To people who do not have financial worries this time of the year is truly joyous.  It is a wonderful feeling going to the stores and looking for gifts for your family and friends.  It is a great feeling to pull out your list and checking it twice of all the notes for what people in your life have mentioned they would  “love to have” throughout the year.  Your smile widens at the thought of them opening your gift.

But, there are those people who are wondering if they are going to be able to make their next mortgage payment and how they are going to buy food to feed their children or themselves.  This can really cause depression at this time of the year.  I personally know how it feels not to be able to buy gifts for the people I love.  You can come through the month of December feeling like a failure and very, very sad.

Maybe you have experienced dealing with a less than congenial sales person or cashier.  Instead of rewarding their less than appropriate attitude with one of indifference I end up asking myself what could be going on in their life.  Are they feeling badly watching all the money that is being spent and wishing they only had maybe twenty dollars that they could spend on a gift for their spouse or child?  Cashiers in grocery stores may be wishing they could afford to buy the makings of a traditional Christmas dinner.

Even if you are in the position of not have enough money to splurge on Christmas with the gifts and all the decorations, I am sure you can find something to be thankful for.   Healthy children, a spouse that loves you and is by your side, a job, or even a part-time job …. These are just a few blessings.

I can remember one year after I was divorced that I did not have money to buy my girls Christmas gifts.  They “needed” new nightgowns and that was the only gift I could wrap and put under the tree.  In addition to the wrapped nightgowns under the tree, I sat down and wrote each of my daughters a note telling them how much I loved them and how important they were to me.  I told them that I was sorry I could not give them more but I was giving them the greatest gift I had … ALL of my love!  And I hung the notes on the Christmas tree.

So as you are going through this hectic time I hope you will try to have compassion for the less fortunate people around you.  And for people you don’t know an outstretched hand, hug or simple Merry Christmas could do a great deal to lift that feeling of depression.

Many years ago I wrote the following and every year around this time I like to share it.  I hope you will take a few minutes from your busy schedule to read it.

The title is, “The Greatest Gift”.

As the last faint sounds of Christmas carols fade off in the distance, and the water begins to chill around your ankles as you soak your aching feet …. What will you really recall about Christmas?  What was the greatest gift?

I honestly believe that if a poll was taken as to the true meaning of Christmas, “receiving/buying gifts” and “Santa Claus” would rank as the most often answered.

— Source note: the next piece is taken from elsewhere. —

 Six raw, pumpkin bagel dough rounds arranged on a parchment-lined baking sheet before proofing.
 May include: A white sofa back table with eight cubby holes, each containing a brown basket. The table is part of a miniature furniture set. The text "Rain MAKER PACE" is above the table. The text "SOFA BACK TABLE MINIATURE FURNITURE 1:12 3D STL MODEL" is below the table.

Will a smile of love and appreciation cross our faces in the midst of scurrying around to find a bigger and better present for sister Sally than what brother Joe will give her; hunting down the fullest and tallest tree, and decorating our dwellings.  Will we remember the real purpose of this Holiday Season, the birth of our Lord and Savior, Jesus Christ?  Will we stop to ponder about that baby in the manger and how His life and death has brought meaning to our lives?  His life was an example of the way we are to live.  He loved us so very much that He was obedient to the end, even unto death on a cross.

We seem to get so caught up in the materialistic outlook of life we lose touch with the most important gift we have to give, not only at Christmas, but every day of our lives.  That gift is the gift of love.  Not love as the world knows it, but as Jesus Christ lived it.  Instead of, or in addition to, decorating the outside of our dwellings, we should decorate the inside of our “temples”.  We should take Christmas out of our pocketbooks and put it back in our hearts!

Reach out and help that one person others may look at as repulsive.  Maybe before the economy took the dive it did that person was a corporate CEO.  Take a minute and ask yourself, “Are you sharing the true meaning of Christmas?”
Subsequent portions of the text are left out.